I recently saw this post, about 2 weeks ago or so about DataSendKbps and DDosing/dosing. I saved the script he sent in one of my discord chats just in case if i needed it. If anyone could link the post that would be great! But anyways here’s the code sample I got.
Yes this is for a local script, but you could easily detect if they’re trying to delete the script with a server script.
local Stats = game:GetService("Stats")
local Players = game:GetService("Players")
local player = Players.LocalPlayer
while true do
wait()
if Stats.DataSendKbps >= 500 then
player:Kick("Stop trying to DDOS")
end
end
You can see hes UDP flooding the server itself if you look at his Putty console. This isn’t impossible to do, all you need is a good stresser that can UDP flood the server.
So looking at the output from GUCCI?? console. It seems to say “Broadcast instructions to 217 devices”. If that is the case then they are possibly using a botnet they have under their control to do a UDP flood to the VM that particular game instance is running on.
From what I understand Roblox game servers are all running on AWS. The IP in the client logs relates to the particular VM, the port possibly to the instance or the player on that instance.
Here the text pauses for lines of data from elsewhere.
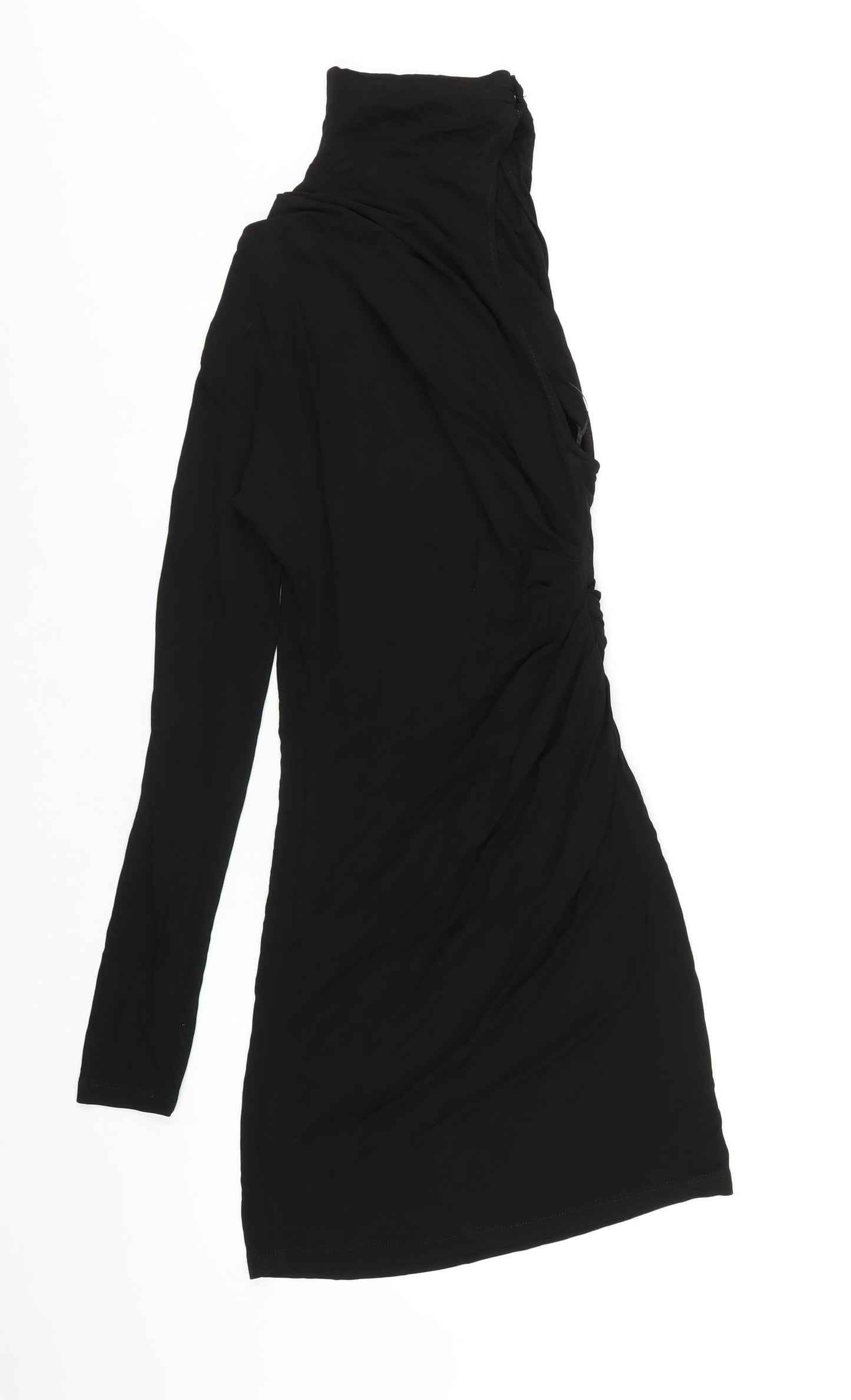 Zara Womens Black Viscose Bodycon Size M Mock Neck Pullover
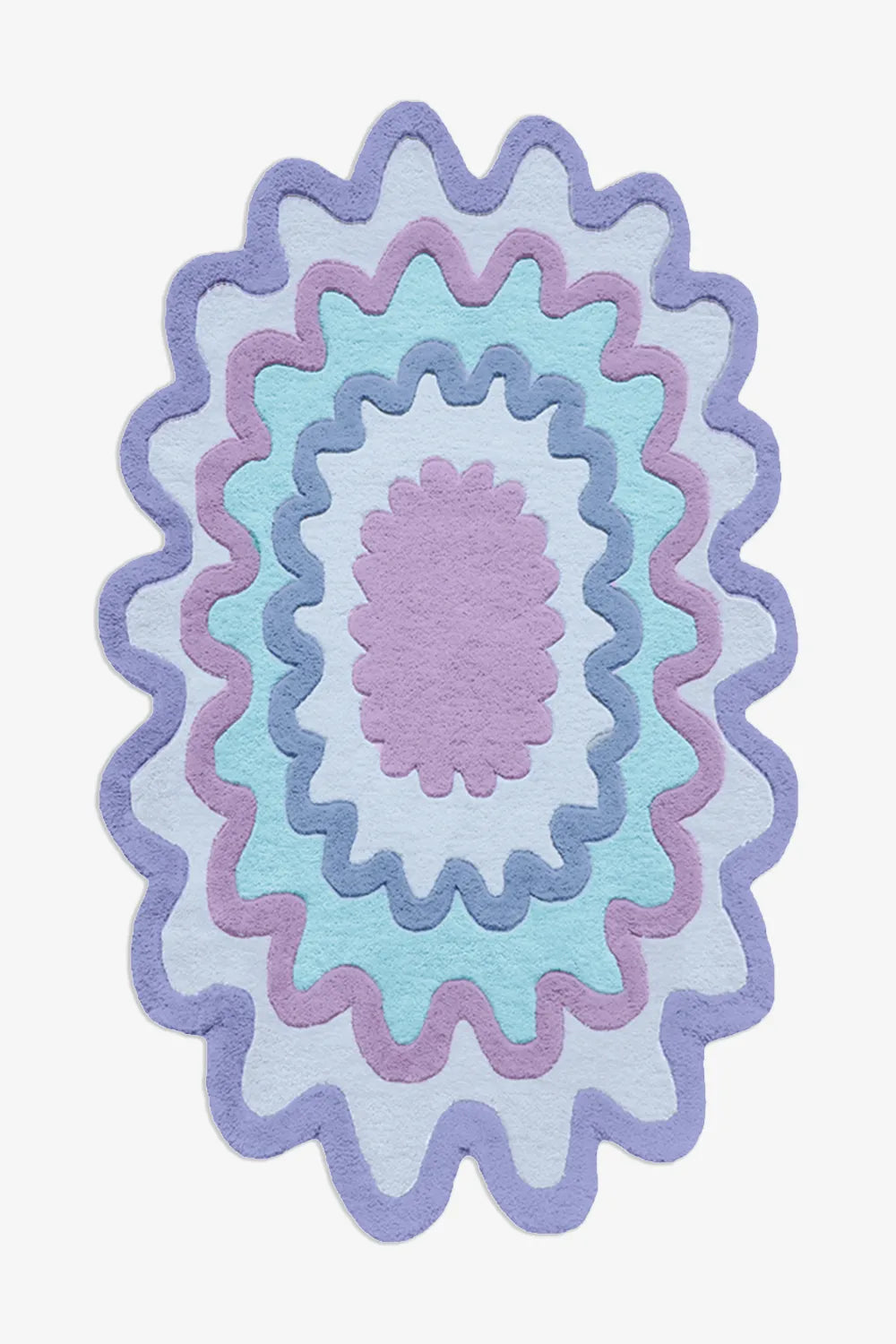Wavy pastel wool rug in purple, blue, and mint, modern colorful area rug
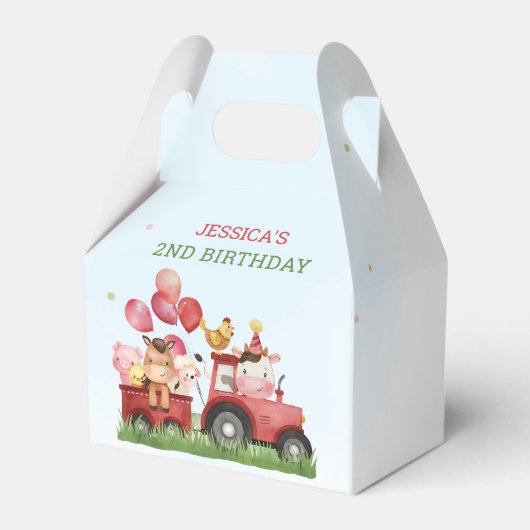 Birthday Fute Farm Animals Party Bedankdoosjes (Voorkant Zijde)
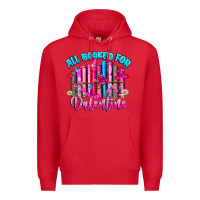 Red All Booked For Valentines Premium Hoodie - CowhideDigitalArt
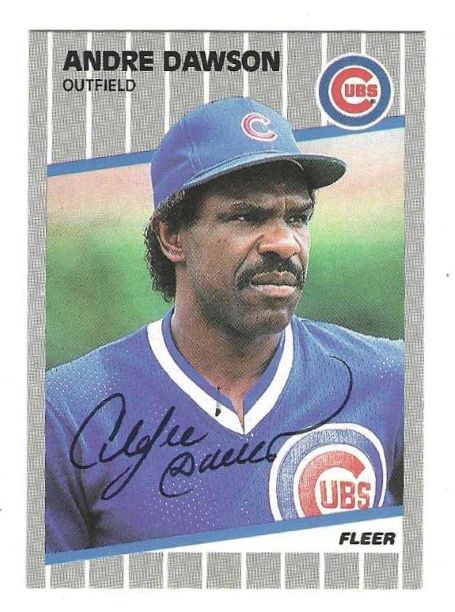 Autographed ANDRE DAWSON Chicago Cubs 1989 Fleer Card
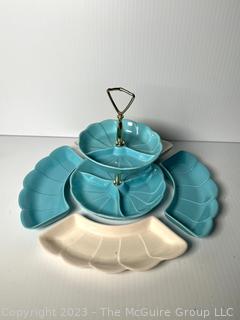 California Pottery Turquoise Chip Dip Relish with Tid Bit Tray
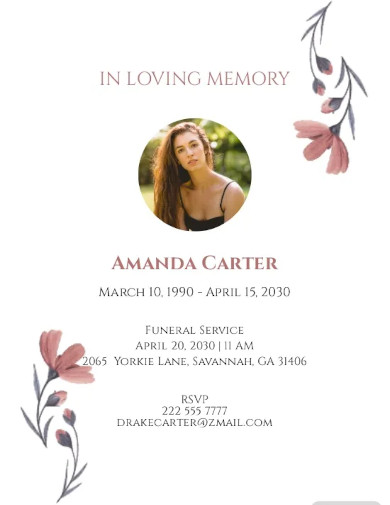 mothers funeral flower card template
One physical host will be running multiple game VMs simultaneously using containerisation. You have to wonder if flooding one VM with traffic would affect others on the same machine. Probably not.
I would have thought they could circumvent a UDP flood by filtering the inbound traffic at the network layer on the VM instance (iptables?) and only permit traffic from authenticated clients playing on that game. Even better would be to back it out to the edge where they do the load balancing and script a rule at that point to maintain a list of players-to-VM game instance. If the inbound IP doesn’t match an existing player on that destination instance then discard.
I did see a load balancer engineer job advertised for Roblox and thought “Hmm, would be nice.”
You can’t thwart that with Afraid4Life 's client side script as the flood comes from sources other than a player client. Probably quite a few ways in which Roblox could stop this happening at the edge but it would need the tech to be aware of each player source.
Cloudflare is not going to stop it as it is such low volume targeting only one game instance. Just annoying to the people who made that game that is targeted.
Exploiters will always find a way on how to ruin or exploit games. There will always be those people and we cannot get rid of them. All what we can do is basically fortify ourselves and hope that the most experienced exploiters do not come to ruin our games.